The differentiation helps you gauge the current state of both areas. It highlights the correlation between branding and marketing tasks. You’ll have no trouble seeing the direction your efforts should take or determining the scope of work.
- prioritizing
Viewing branding and marketing as separate processes lets you see the “failure zones” and prioritize the tasks before you. Should you pour more effort into promotion or focus on improving and polishing the brand? Can both tasks be tackled at once? By weighing all your options and prioritizing, you will save yourself lots of time, money, and nerves.
- choosing the right Strategy
Evaluating the current state of the brand and the efficiency of branding helps you work out a marketing strategy. You’ll be able to see at once if launching a promotion campaign would do no good until a specific branding issue has been resolved. The more developed your branding is, the larger your choice of strategies. For example, developing a website or app greatly boosts your marketing capabilities, market reach, and exposure.

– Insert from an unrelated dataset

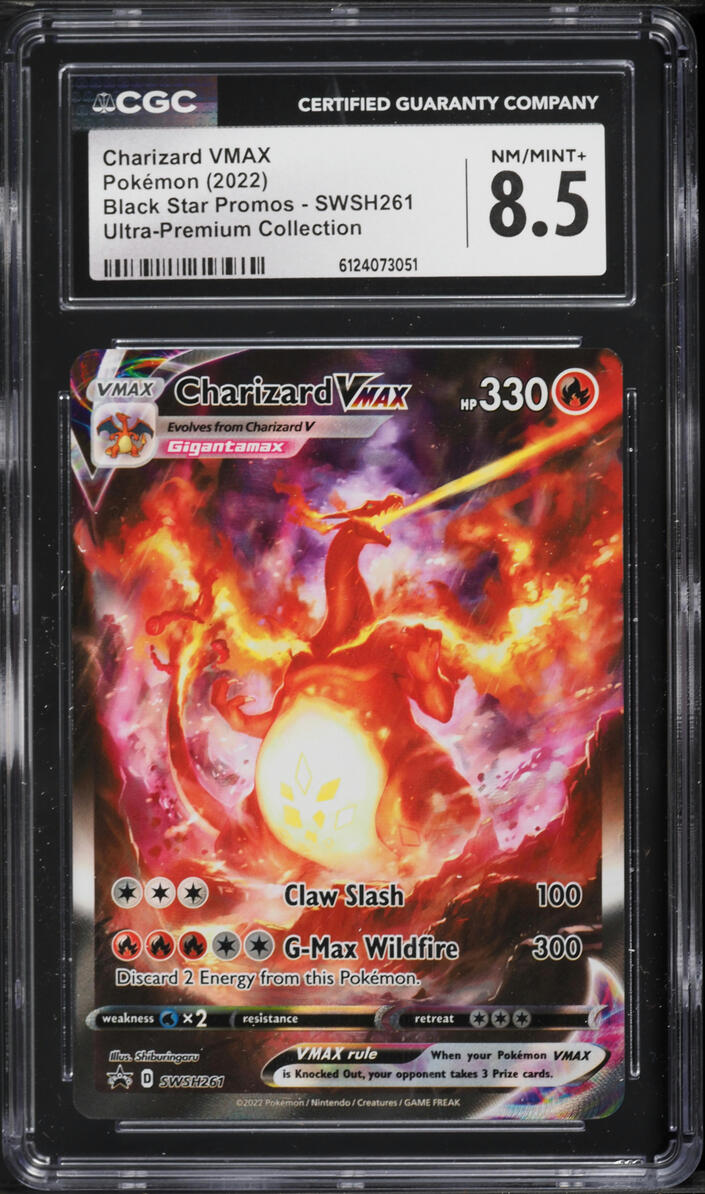 2022 Pokemon Sword & Shield Promo Ultra Premium Full Art Charizard VMAX #SWSH261 CGC 8.5 NM-MT+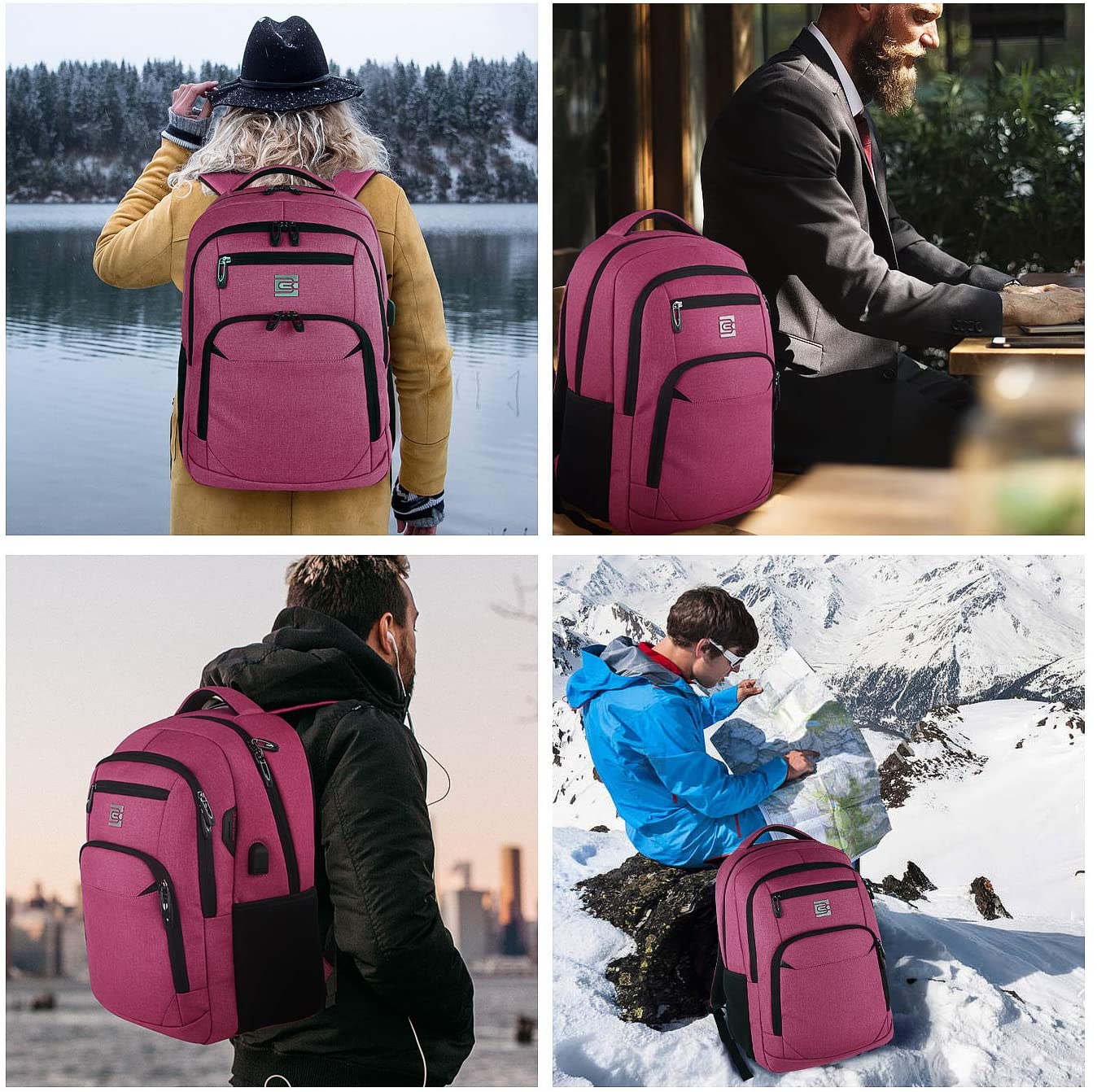 Bruno Cavalli 15.6 Zoll wasserdichter Reisecomputer Schultasche Large Business diebstahlsicherer robuster Laptop-Rucksack mit USB-Ladeanschluss für Asus ROG 15.6 Zoll Laptop Rosenrot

- stimulating growth and development
Few people would say yes to a boring unfamiliar brand. Become attractive and charming first, introduce yourself later. In turn, meeting new people will give you new ideas and make you see what needs to be improved. The superhero hits the gym, dons his cape, and takes over the hearts and minds. He’s on a mission and he’s got work to do!
Branding and marketing support and reinforce one another. Together, they encourage your business to grow and conquer new heights.
In conclusion
“Divide and rule, a sound motto. Unite and lead, a better one.”
— Johann Wolfgang von Goethe
That’s great advice for doing business, too!
By separating branding from marketing, you’ll reinforce and gain control over both. By combining them again, you’ll braid them into a strong thread that will connect the brand with the hearts of the audience.